Pendant ce premier confinement, au moment où la chaîne d’approvisionnement des grands groupes souffrait, nous avons souhaité mettre sur la table la question des relocalisations. Souvenons-nous, on parlait alors du Monde d’après. Les groupes affirmaient alors leur souhait de relocaliser tout ou partie de leur production. Au Lab Pareto, nous nous sommes saisis de cette question sous l’angle qui est le nôtre, à savoir comme des entrepreneurs. Nous sommes partis d’un double constat, d’un double problème. D’un côté, de grands donneurs d’ordres rencontrent des problèmes d’approvisionnement. De l’autre, des PME se trouvent fragilisées sur le territoire français. Pourquoi ne pas rapprocher les grands donneurs d’ordres et les PME ? Penser la relocalisation, c’est résoudre en même temps ces deux problématiques bien distinctes et très actuelles. Plus de 5000 PME volontaires sont à la disposition des grands groupes pour travailler à la rentabilité des lignes de produits pour que ces grands groupes trouvent en France ce qu’ils n’y trouvaient pas. Le Lab Pareto cherche à initier des partenariats concrets. Les PME sont réactives, agiles, innovantes ; les grands groupes en revanche bénéficient de la puissance financière, mais peinent à se mettre en mouvement rapidement. Et pourtant, grands groupes et PME sont complémentaires. En développant des synergies, elles peuvent remédier à leurs handicaps respectifs.

 

Quelles difficultés rencontrez-vous aujourd’hui ?
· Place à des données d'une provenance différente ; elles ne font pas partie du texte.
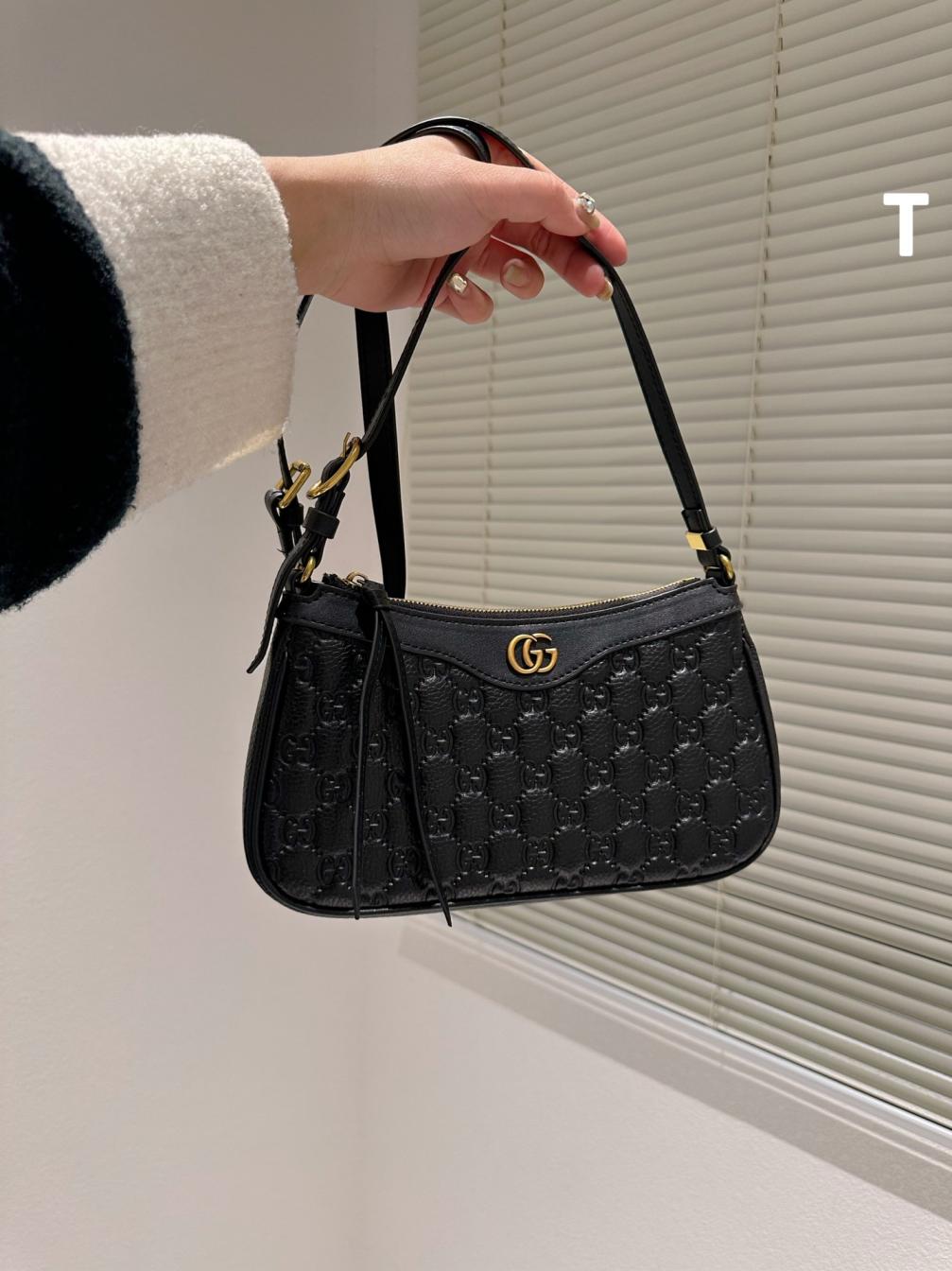 Gucci bag 131530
Nous constatons malheureusement que dans les réactions des grands groupes face à cette crise, il y a eu beaucoup d’effet d’annonce et une grande frilosité. Les grands groupes ne souhaitent s’engager qu’après avoir longtemps réfléchi, mûri leur décision, modélisé, planifié… Les PME sont quant à elle dans une démarche plus effectuale : elles s’engagent, testent, apprennent, rectifient le tir, etc. Bref, les PME avancent en marchant, en s’adaptant aux contextes. C’est un vrai choc des cultures. Les grands groupes montrent beaucoup d’exigences en amont, alors qu’elles devraient davantage faire confiance et traiter les problèmes au moment où ils apparaissent. Du coup, peu de grands groupes se lancent. Il faut faire preuve de beaucoup de pédagogie pour connecter ces deux mondes.

 

Quelles sont les raisons d’espérer ?

Les grands groupes ont des problèmes de sourcing et il est indéniable que notre réseau de plus de 5000 PME, responsables socialement et environnementalement, les intéresse fortement. Nous multiplions les rencontres avec les politiques qui sont sensibles au combat que nous portons. Les événements récents nous confortent dans l’idée que nous assistons à un changement de paradigme : les entreprises de proximité ont montré qu’elles étaient essentielles dans la création de richesses, de liens sociaux, d’emplois sur les territoires. C’est cet écosystème qu’il s’agit de rendre plus robuste. L’État par exemple achète trop souvent à l’étranger, puis vient soutenir les PME en fragilité avec des aides. Quelle est la pertinence de cette logique ? La meilleure façon d’aider les PME, de les renforcer, c’est de générer du business en les connectant aux grands groupes et à la commande publique. Cette méthode est plus vertueuse et pérenne que celle qui se contente de perfuser les PME d’aides publiques diverses. Sur ce point, l’État providence doit se transformer en État facilitateur.